Insurance risk vs Investment risk
I was watching a local show on TV not too long ago, you know the ones where they invite special guests to discuss a specific topic. This time the guest was a Managing Director of a reputable insurance company. The interview starts, the host bubbly as ever and the director is ready for his questions.
So it reaches a point where the guest introduces the topic of insurance risk. Obviously, because I am in the industry, I understand what he wants to talk about. But this is where the interview takes a U-turn. The host talks about a completely different risk, investment risk, and she carried the conversation along those lines. PLOT. LOST.
This is where I knew that she did not know anything about insurance risk.
Let us be honest, when most of us hear about RISK in a financial context, where does your mind go? Usually investments, right?

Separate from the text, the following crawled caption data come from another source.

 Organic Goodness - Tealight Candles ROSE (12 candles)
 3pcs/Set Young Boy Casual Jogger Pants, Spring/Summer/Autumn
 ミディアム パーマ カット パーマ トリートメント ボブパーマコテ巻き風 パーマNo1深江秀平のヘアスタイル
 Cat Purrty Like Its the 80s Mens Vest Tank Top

There definitely is a difference between investment risk and insurance risk.
First, what exactly is risk? Risk is simply the possibility of loss.
1. Insurance Risk
This is what we call pure risk i.e. absolute risk. There are no opportunities for gain or profit when pure risk is involved. Pure risk is generally prevalent in situations such as natural disasters, fires, illnesses, accidents, or death. This risk has NO RETURN, you don’t gain anything. In short, if this risk were to fall on you, you are in big trouble. This is why you should get insurance so as to restore you back to where you were before disaster struck you. Insurance does not profit you in any way, it just indemnifies (takes you back to the position you were before the unfortunate circumstance happened).
For example, if you have a car, your risk can be possibly getting into an accident. If your car gets hit, the insurance company will pay the damages (after assessment of how much damage was done to the car in monetary terms) and compensate you accordingly. This is to take you in the position you were in before the accident happened.

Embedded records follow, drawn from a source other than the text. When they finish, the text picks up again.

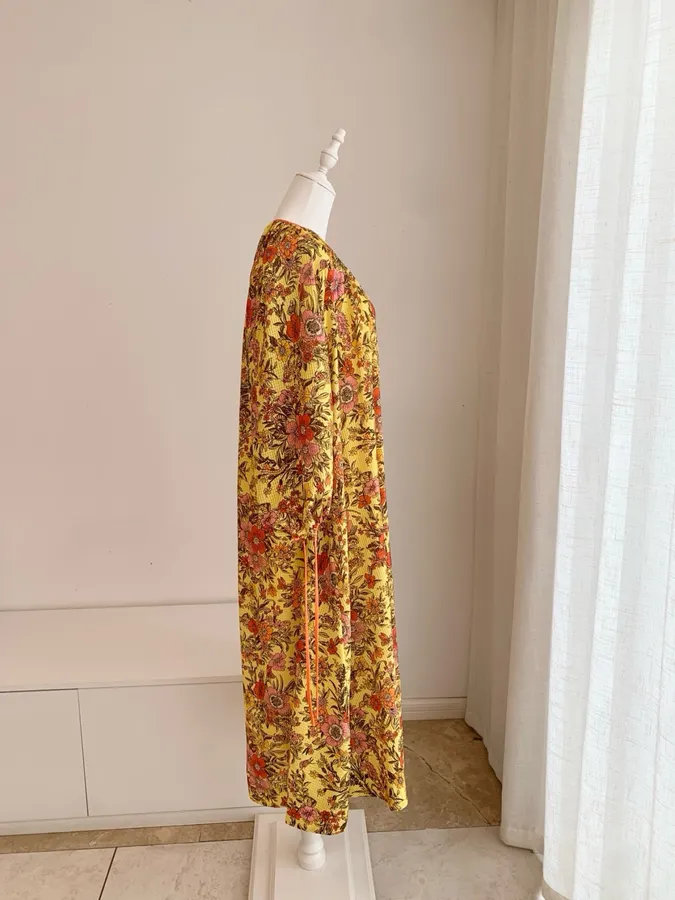 Printed V-Neck Lace-Up Lantern Sleeve Loose Swing Holiday Maxi Dress in Yellow Multicolor, product view 09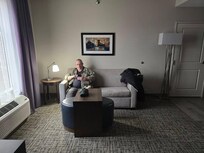Our suite - me on the couch, 3-11-26
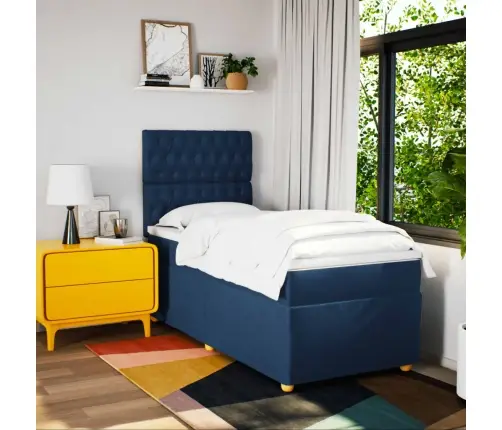 Lova Su Spyruoklėmis Ir Čiužiniu, Mėlyna, 90X190 cm Audinys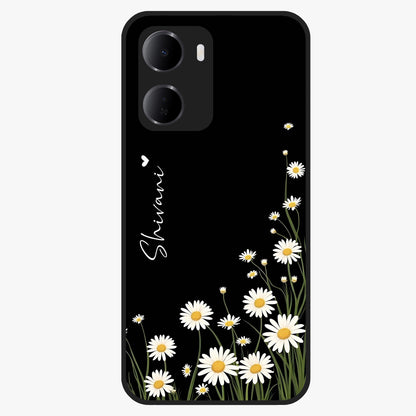 Daisy Cascade Custom Name Glass Case showing flat back view with cascading daisy flowers and personalized name design.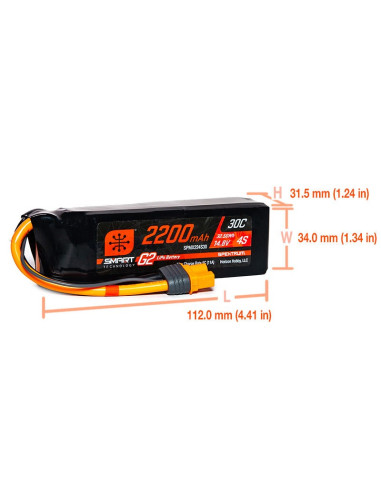 14.8V 2200mAh 4S 30C Smart G2 LiPo Battery: IC3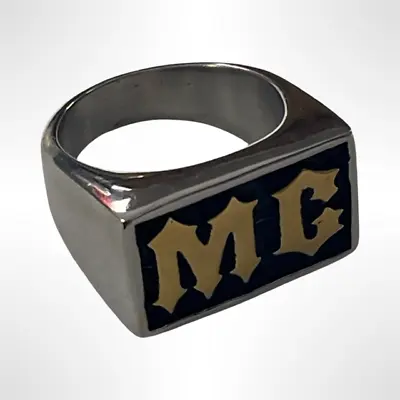 Men's Stainless Steel MC Letter Biker Ring USA Seller • $11.99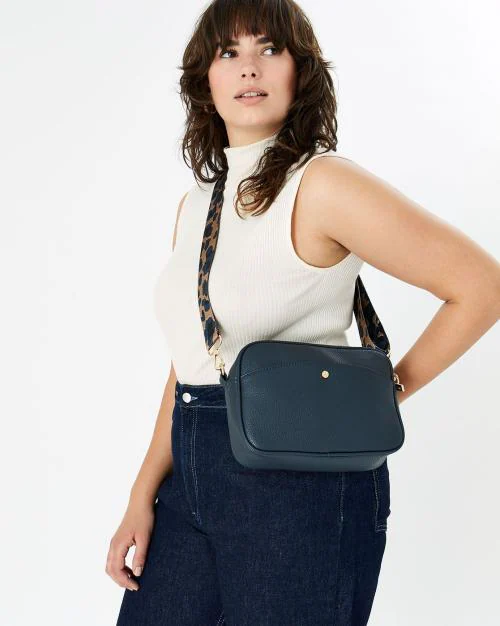 Textured Sling Bag with Detachable Strap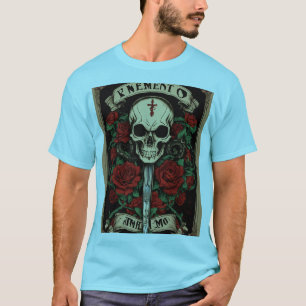 Rock 'n' Roll Inferno: Skull & Flames Banner T-shi T-shirt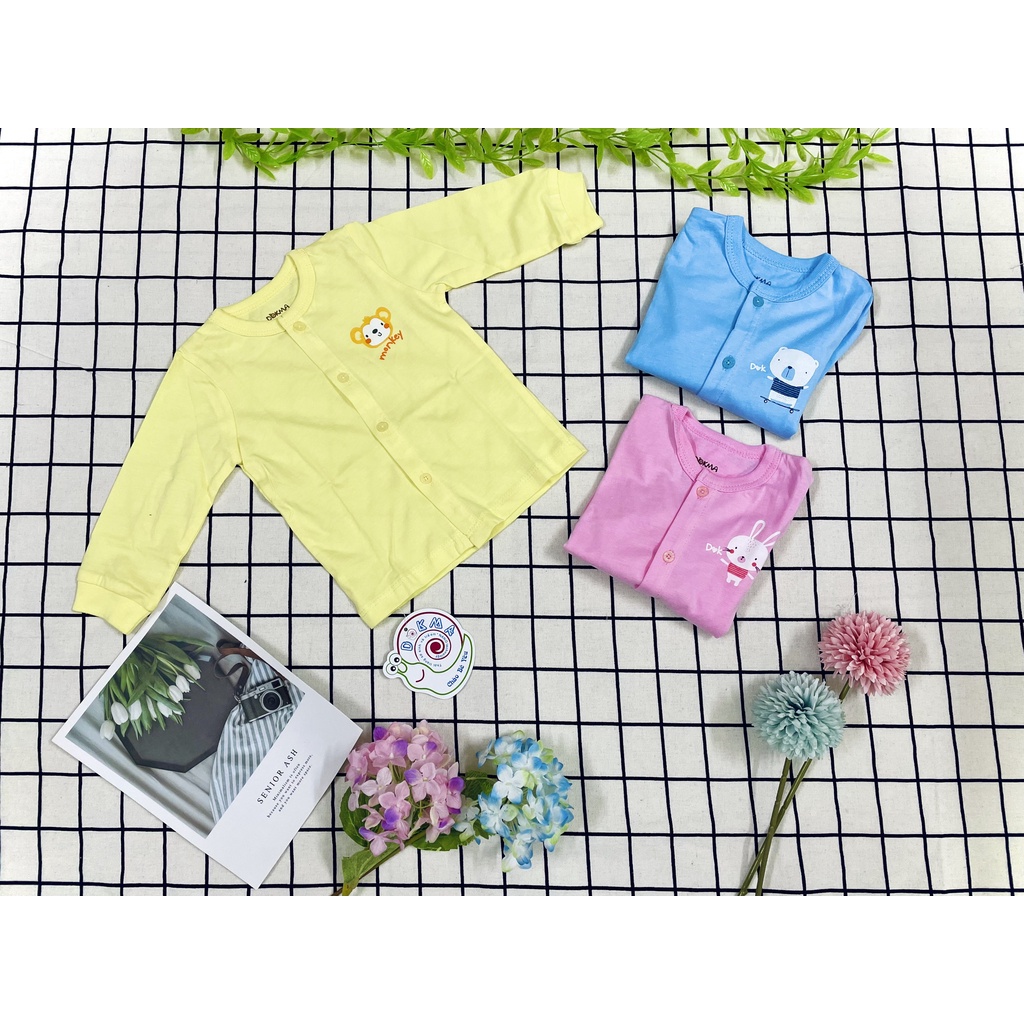 Dokma - Bộ quần áo sơ sinh màu cài giữa cho bé 3-12m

In the case you have a family that you provide for, the risk could be your unexpected death. This is because your family has lost your potential future income due to your early demise. In this case, unlike the car, your life cannot be restored. But if you have adequate life insurance, it can restore your economic value to your family.
This risk can also affect investments in that if you do not have a proper protection plan in
place, you might have to dip into your investments prematurely. Therefore make sure that you have adequate insurance cover and emergency savings before investing.
2. Investment Risk:
This is a risk that is associated with an investment. Risk is any uncertainty with respect to your investments that has the potential to negatively affect your financial welfare.

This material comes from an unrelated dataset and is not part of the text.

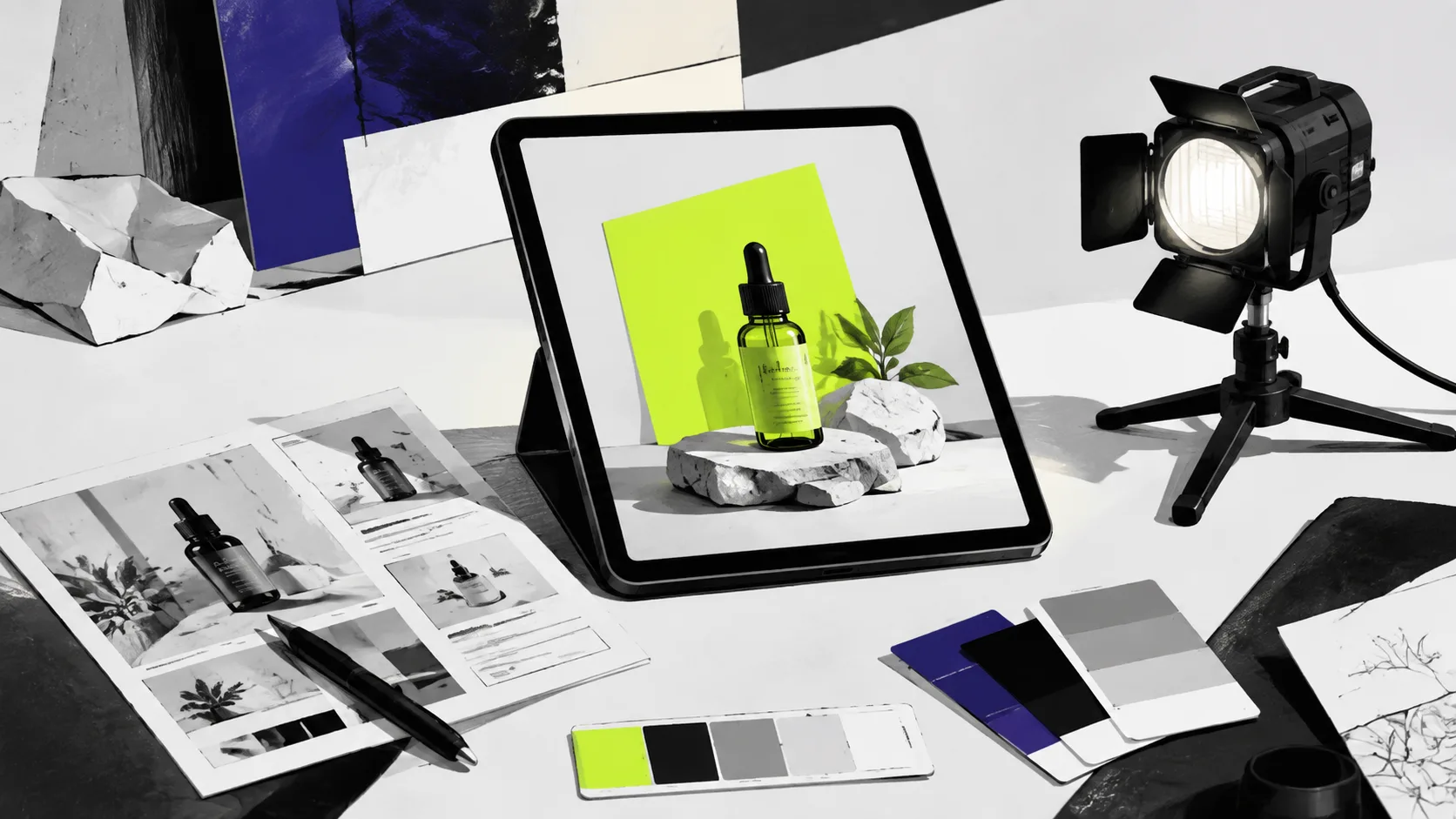 Sample social media content deliverables including product photography, design assets, and copywriting briefs arranged on a production desk.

unlike insurance risk which is a pure risk, investment risk is a speculative risk. i.e. you can either gain or lose as a result of the choice of investment that you make. The level of risk associated with a particular investment or asset class typically correlates with the level of return the investment might achieve.
The rationale behind this relationship is that investors willing to take on risky investments and potentially lose money should be rewarded for their risk. In the context of investing, the reward is the possibility of higher returns. These investments include: venturing into a business, buying stock, bonds, real estate, oil trading, forex trading, bitcoin etc.
The tradeoff is that with this higher return comes greater risk: as an asset class, stocks are riskier than corporate bonds and corporate bonds are riskier than Treasury bonds or bank savings products.
This risk can be managed by diversifying your investment portfolio i.e. not putting all your investment eggs in one basket.
In conclusion, everything we do in life contains an element of risk.